Remember that this report only looks at full fibre (FTTP/B) networks, thus it’s excluding the impact of Virgin Media’s older – but still gigabit-capable – coax cable broadband network.
What’s going on with Cityfibre? Why is there growth so low? Looks to only be around 10%.
I assumed they’d be building much faster if they’re going to achieve their target of 8 million premises by the end of 2025.
Covered in several prior articles, but they’ve had a difficult year (job losses, change to build strategy etc.) and then recently paused a good number of deployments by ending deals with several contractors. CityFibre are not immune to the market’s current challenges.
Rumours of another round of redundancies to be announced shortly too.
I mean they’re financed by debt, and the interest rate became lol%
5%+ on peoples 200k mortgage is pain. 5%+ on £4.9bn+ is a huge issue. They sort of relied on people pouring money in pretty continually until it was more established than it is.
Hopefully they manage to survive, all people can do really is refer your friends and family if you have CF and wanna keep em I guess. If they were available I’d have a line 🙁
Yes and Cityfibre’s management will still say “everything’s fine and going to plan”.
@Matt
They have a £4.9bn debt facility but so far I believe they’ve only actually used about £2bn of that and I expect the creditors will want to see some results from what they’ve already built before they release funds to build more.
Be interesting to see what these graphs look like in a years. By then the fern trading group should be merged (Giganet, Jurassic, Swish, All points) and a lot of their new fiber will have come on line. I suspect we’ll also see a few other mergers/acquisitions resulting in a few big changes.
Sooner this happens the better. Given they’ve been talking about this since the beginning of the year I would have expected to see some serious movement by now if the altnets want to stop hemorrhaging cash. There was rumours of a merger between VM and CF back in April but since then nothing so I assume it’s a no go.
Interesting that 8 out of the top 10 areas are in Northern Ireland.
Northern Ireland’s network is quite different from most of Great Britain and FTTC wasn’t anywhere near as effective due to longer d-side lines.
That’s politics in action for you, and a Brexit benefit for the people of Norn Iron.
Given the difficulties with the dysfunctional Stormont parliament, where the devolved assembly hasn’t met for two years now, and the botched Brexit trade deal that means NI follows EU rules, the Westminster government have been desperate to try and show there’s benefits to NI from being part of the union. It’s not that they care about NI, but that they don’t want NI to break away from the UK on their watch, that’d be a badge of shame lasting for decades plus it would hugely rejuvenate Scottish nationalism.

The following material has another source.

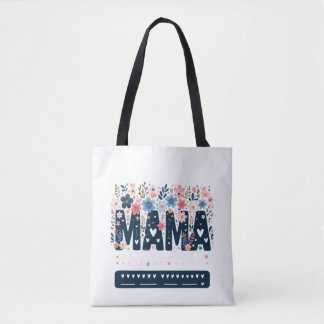 Mama Floral Heart – Boho Chic Mom Design Tote Bag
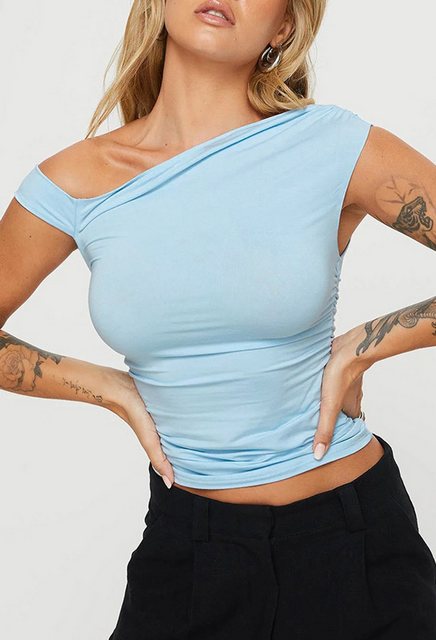 CHENIN T-Shirt Kurzärmeliges Damen-Top, schulterfrei, gerüscht Y2K, schmale günstig online kaufen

Whether the union really works for the people of the four nations is a matter of debate. As far as I can see, those who benefit most from current arrangements are most keen to leave the union, and those who benefit least are keen to retain it, but that debate is well off topic!
A lot of patronising stuff here about N Ireland and the union. Nothing really to do with Brexit or Westminster sweetener benefits. Much more about local authority drive and great commercial partners grabbing the benefits of fibre infrastructure. The English could learn a lot.
So, in conclusion – look at what endless amounts of English taxpayer cash has done for Northern Ireland …
Harlow will be an interesting case study. It is pretty much a dense urban area just north of London but almost completely devoid of any ducting. Because it is so dense, brainlets in government will claim it does not need any funding but lack of ducts means it’s one of the most expensive areas in the country and will be part of the hardest to reach
No surprise that a lot of the bottom ten are in Scotland. Just another failure with the Scottish Paramount. Still waiting to hear when FTTP will be on my area
Four of the bottom five are remote islands, with Copeland (Cumbria?) being the exception.